There is also the question of when the interest or ‘staking rewards’ are beneficially owned. In most cases, validators pay delegators network fees in real-time, i.e after every block. This means that, potentially, delegators could be receiving income every few minutes or even seconds. To keep a record of this would be next to impossible for regular users. For most staking contracts, the rewards are distributed by a smart contract that assigns a proportion of the generated fees to each delegator depending on the number of tokens they have delegated. The delegator will then have to ‘claim’ this reward in most cases. It is only at this point that the delegator will have the funds accessible in their account. From a reporting perspective, it is likely that this is the point where staking rewards are beneficially owned and the taxable income event occurs. From here, if you sell the staking rewards, this will be a capital disposal event and the cost base of the staking rewards will be the market price at the time they became beneficially owned.

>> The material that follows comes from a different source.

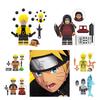 Kdl806 Naruto Anime Ninjutsu Stavebnice Hračka ABS Plast DIY Exportní Typ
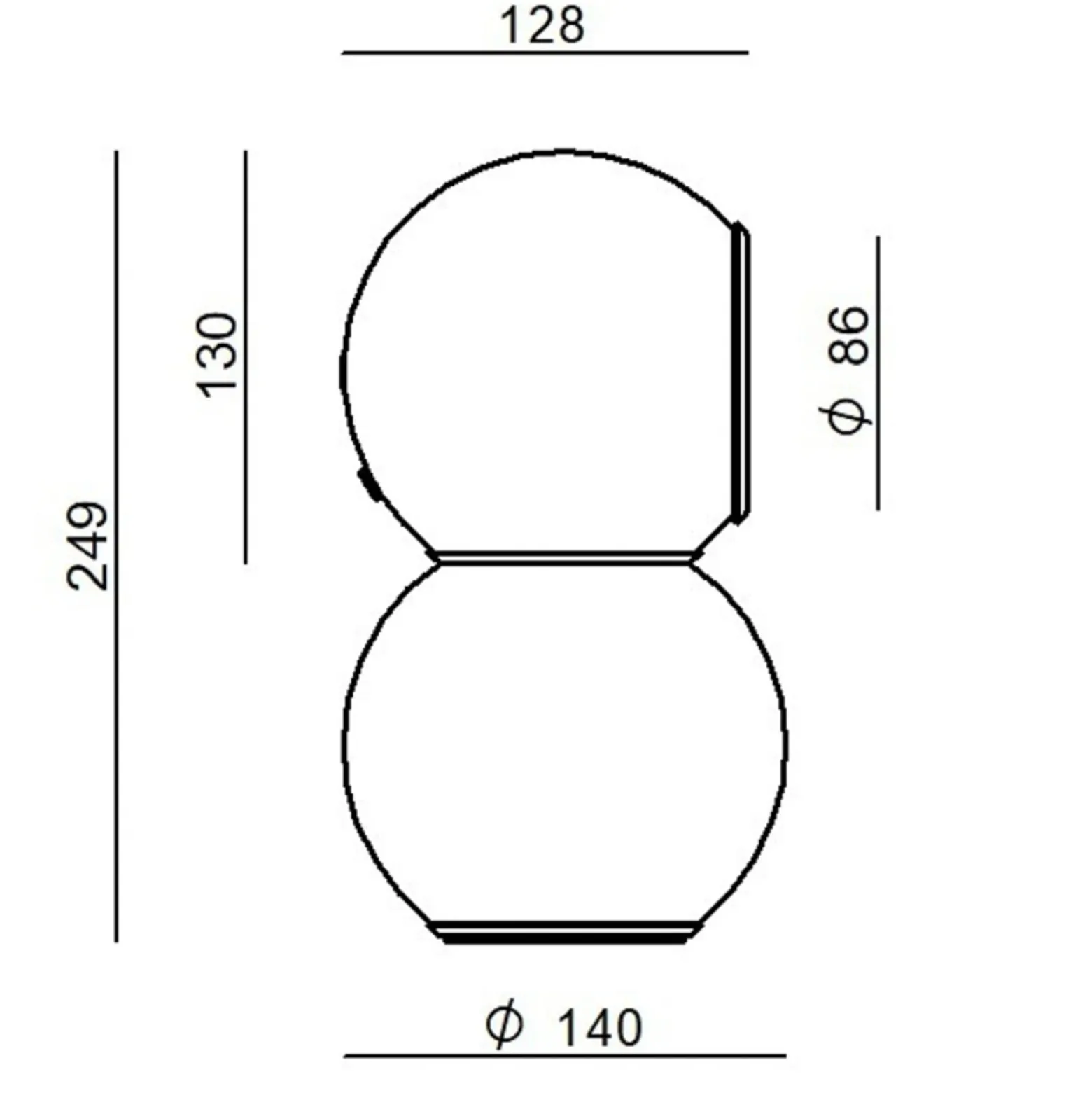 Stilnovo Gravitino LED-Tischlampe mit Magnet, rot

Some centralized exchanges and custodial wallets offer ‘staking’ to users. These entities generally will do the ‘hard work’ of staking your assets for you and in return, will take a cut of your staking rewards. The staking rewards are usually paid to the user’s account/wallet on regular intervals. In this situation, users will generally lock their tokens in a specific wallet or section of their account. Doing this generally has some limitations, such as time constraints on when the assets can be withdrawn etc. This is again a grey area, and it could be argued either way whether this would be considered a disposal event or not. If the centralized exchange still gives the user full control over the staked asset, it may not be considered a disposal event.Similarly to the above, the staking rewards would be considered income in most cases, with this being realized at the time the staking reward is deposited into the user’s wallet.

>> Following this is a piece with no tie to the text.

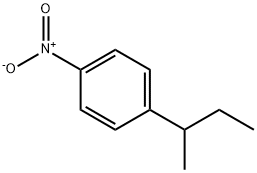 1-仲丁基-4-硝基苯,4237-40-5,结构式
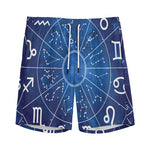 Zodiac Signs Wheel Print Men's Sports Shorts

Some decentralized platforms use the term ‘staking’ for other events such as locking assets into a pool to earn yield or to get a share of the platform’s fees. In reality, this use of the term ‘staking’ is not exactly true to the typical delegation transaction that is outlined above. Instead, these transactions are more likely to fall into the scenarios outlined in the section ‘Yield Farming’ (above) so it is important to know what scenario your transactions would fall into.

Liquidity Pools and LP Tokens

A liquidity pool is essentially a group of tokens locked into a smart contract that enables decentralized token swaps, lending, borrowing, and other activities, all on-chain. Each liquidity pool will have a specific composition of assets (usually 2-3 specific tokens) where the amount of Token A + Token B = 'LP token AB', and liquidity providers must deposit predetermined proportions of each token to enter the pool. Liquidity pools form the backbone of decentralized exchanges and many DeFi applications.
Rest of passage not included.